No nos gusta pensar en la muerte. Nos da miedo y nos paraliza. Ni siquiera queremos hablar del tema. Nos aterra aún mencionarla. Será porque somos seres finitos y nuestros días son limitados. Pero, es la realidad. Lo fuera de lo normal sería quedarnos indefinidamente en este plano.
El predicador lo sabía. Es por eso que escribe que es mejor ir a la casa del luto, que a un festín.
Lo segundo nos daría la sensación de que somos seres omnipotentes, majestuosos, embriagados y saciados de poder ilimitado.

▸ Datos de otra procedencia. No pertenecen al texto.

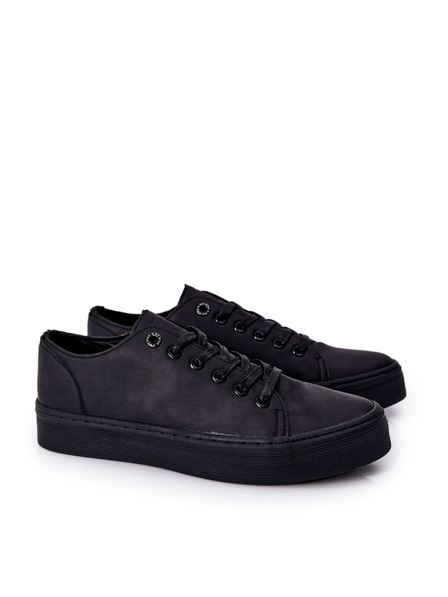 BIG STAR SHOES Muške tenisice BIG STAR Black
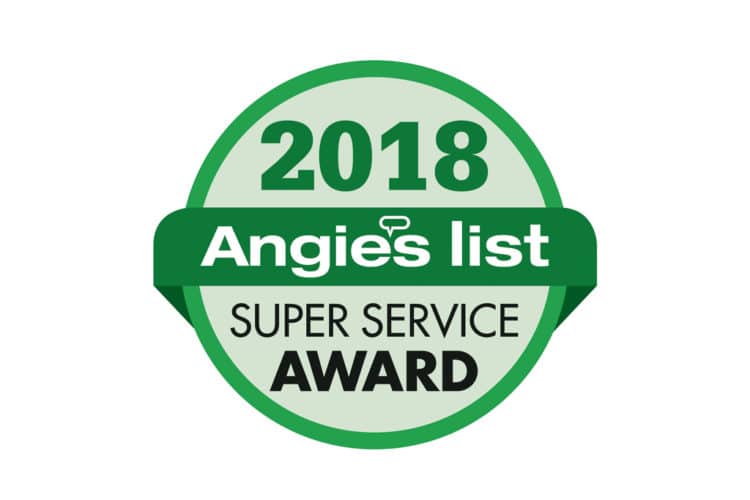 North Home Builders Earns 2018 Angie’s List Super Service Award
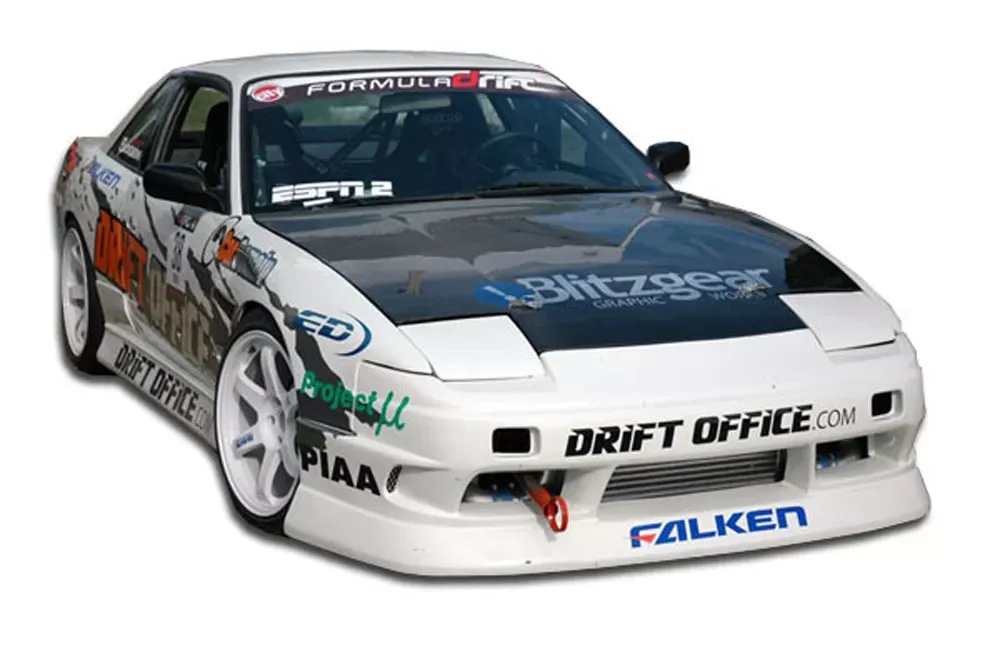 1989-1994 Nissan 240SX S13 2DR Duraflex B-Sport Body Kit - 4 Piece - 103624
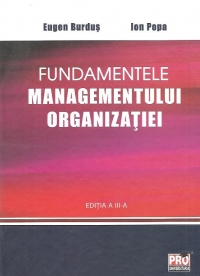 Fundamentele managementului organizatiei, Editia a III-a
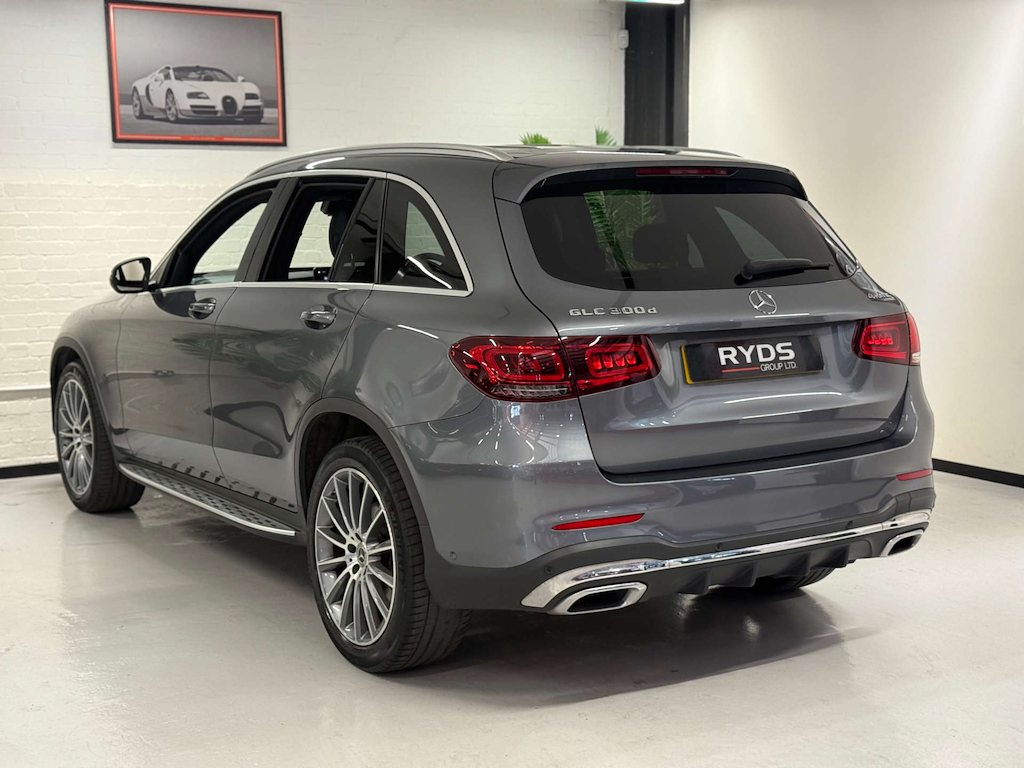 Mercedes-Benz GLC Class Amg Line Premium D 4Matic 4Wd Grey #6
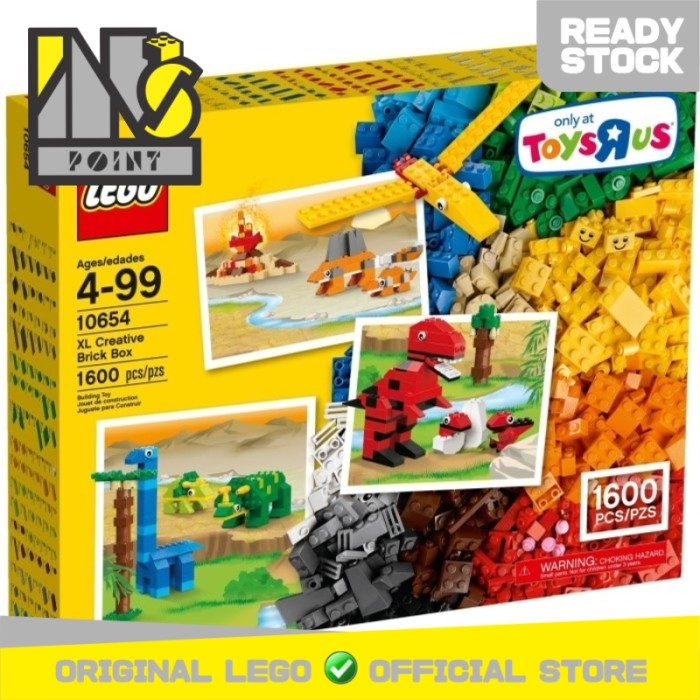 LEGO 10654 - Brick and More - XL Creative Brick Box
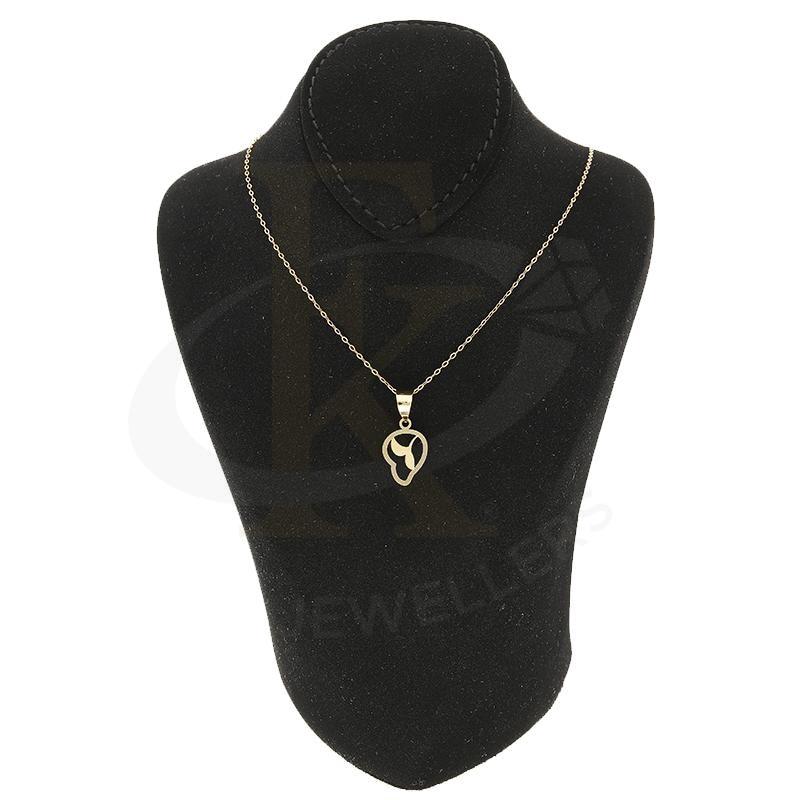 Gold Necklace (Chain with Pendant) 18KT - FKJNKL18K2330 - Image 4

Sin embargo, lo primero nos hace reflexionar sobre nuestra muerte y sobre todo, en cómo deberíamos vivir la vida.
Si somos conscientes de que nuestra vida es un instante y que lo verdadero y permanente es aquello que tanto temor e incertidumbre nos causa, ¿No tendríamos en cuenta a aquel ser superior del que todos venimos y hacia el que todos vamos? ¿No viviríamos este momento furtivo con la intensidad y el respeto de una eternidad permanente? ¿No estaríamos dispuestos a morir para nacer a la vida real?
Jesús dijo: “El que cree en mí, aunque esté muerto vivirá”. ¿Cuál es la vida verdadera? ¿Nuestro transitar aquí o el dormir para despertar con él? El apóstol Pablo no sabía qué escoger: “El morir es ganancia”, llegó a decir.
Quizá el mayor acto de fe es creer que al cortarse el hilo rojo de nuestra vida, renaceremos en Él. Traspasaremos el gran abismo confiados de que nuestro redentor venció a la muerte y que, porque Él vive, nosotros también lo haremos.
“Señor: Ayúdame a entender que soy un ser finito. Ayúdame a transitar este instante de mi vida de manera que te honre con ella. Ayúdame a no temer, a confiar en vos hasta en la misma muerte, porque la venciste, yo viviré. Te amo”.